Morricone dei poveri, ingenuo cowboy errante perduto nelle praterie irlandesi, eccetera eccetera... Non sono pochi i pesci in faccia che Mark Knopfler si è preso per la sua attività extra Dire Straits, quella di compositore di colonne sonore. Ma si sa che i critici sono una specie di "accolita dei rancorosi" (come direbbe Vinicio Capossela) che prende di mira in particolare chi ha avuto un grande successo di vendite, dando per scontato che ciò sia segno di scarsa qualità. Guarda caso anche queste musiche di Mark Knopfler sono diventate molto più celebri dei rispettivi film, e non è colpa del solito pubblico somaro e beota.

"Screenplaying" è una generosa raccolta che condensa le prime quattro colonne sonore del grande chitarrista, dal un cognome un po' crucco, ma scozzese di Glasgow. E la radice celtica della sua musica, mai affiorata o quasi nei Dire Straits, qui emerge con forza, diventando un tratto dominante. Siccome anche le critiche più feroci un fondo di verità ce l'hanno, bisogna ammettere che questo disco è una dimostrazione lampante di come i limiti di Mark Knopfler vengono fuori proprio quando tenta di "fare il Morricone", cimentandosi con un impasto orchestrale un po' mieloso, con grande dispendio di archi, mentre invece risultano veri e propri gioielli le colonne sonore in cui rimane sé stesso, dando piena voce alla sua polifonia chitarristica e ad un suono più vicino a quello inconfondibile dei Dire Straits.

Ascoltando le musiche di "Last Exit To Brooklyn" e di "The Princess Bride" si ha la netta percezione che si tratta di musica da film, e nient'altro.

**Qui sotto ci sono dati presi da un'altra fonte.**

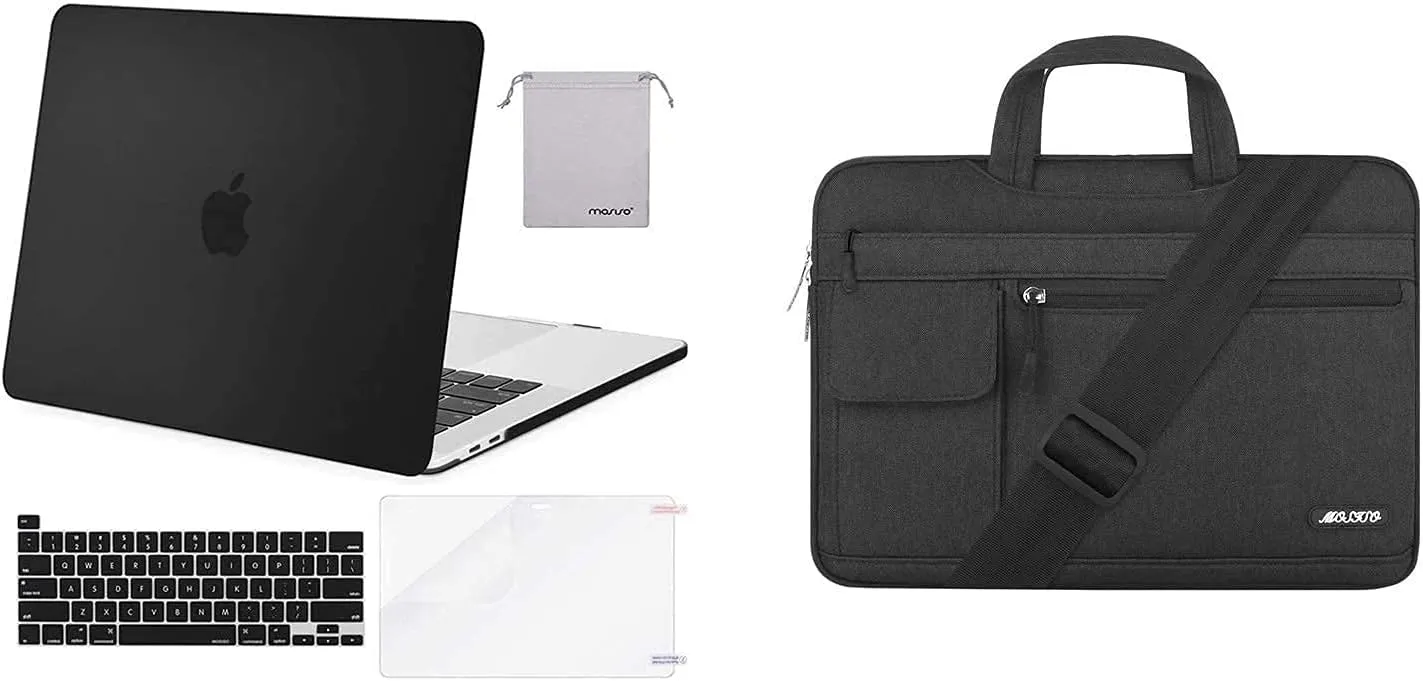 MOSISO Plastic Hard Shell Case & Polyester Flapover Shoulder Bag Compatible with MacBook Pro 16 inch 2019 Release A2141 with Touch Bar & Touch ID, Black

Anche se a volte i temi sono veramente indovinati (il finale di "Last Exit To Brooklin", "Guide My Sword" da "The Princess Bride") si ha sempre l'impressione di un miscuglio artificioso tra l'orchestra, sempre più prepotente, e le rare e timide uscite del chitarrista. Altre volte, come in "A Love Idea", da "Last Exit", vengono fuori insospettati effetti cameristici tra i violini e la chitarra acustica, piacevoli ma che tuttavia danno l'idea di un esercizio di bravura fine a sé stesso.

Ben altro clima è quello delle due colonne sonore-capolavoro, quelle dove l'orchestra si fa da parte: "Cal" e "Local Hero". La prima è più tipicamente celtica, e contiene episodi tradizionali come "Father And Son" e "Potato Picking", con tin whistle e cornamuse, che non sfigurerebbero in un disco dei Chieftains. Non a caso alcuni di loro collaboreranno proprio con Mark Knopfler nel suo "Golden Heart", mentre lo stesso chitarrista sarà loro ospite nella grande "reunion" intitolata "The Long Black Veil". Ma ancora più convicenti sono i brani in cui la chitarra, o meglio le chitarre, diventano protagoniste: in "Irish Love" mormorano languide frasi amorose, in "Irish Boy" e soprattutto nella splendida "The Long Road" il loro suono cristallino si impone definitivamente, disegnando paesaggi tipicamente irlandesi, grandi spazi verdi dove il "cowboy errante" non si perde affatto, ma sembra esserci nato. "The Long Road" per inciso è stata sfruttata anche dalla pubblicità (biscotti Doria, e a questo proposito sarebbe interessante notare quanta buona musica attirano gli spot sui biscotti, ma il discorso ci porterebbe lontano). Anche in "Local Hero" il clima è celtico, ma con più varianti. Una è senza dubbio "Boomtown", che con il suo ineccepibile sax e il suo sound jazzeggiante sembra nata da una costola di "Your Latest Trick". Alle atmosfere misteriose e arcaiche di "Cal" ci riporta "The Mist Covered Mountains", il cui titolo mi piace pensare sia derivato da un verso della splendida "Brothers In Arms": non so se è così, ma sarebbe un bellissimo esempio di musica generata dalle parole.

Il tema principale di "Local Hero" è forse il risultato più alto raggiunto dal Mark Knopfler cinematografico. Prima esposto dolcemente dalla chitarra acustica ("Wild Theme"), poi ripreso dal sax e accelerato per dar luogo ad un ricco finale trionfale ("Going Home", incluso anche nel live "Alchemy") è uno di quei motivi fischiettabili ma tutt'altro che banali che portano il segno inequivocabile dell'ispirazione, alla faccia del "Morricone dei poveri".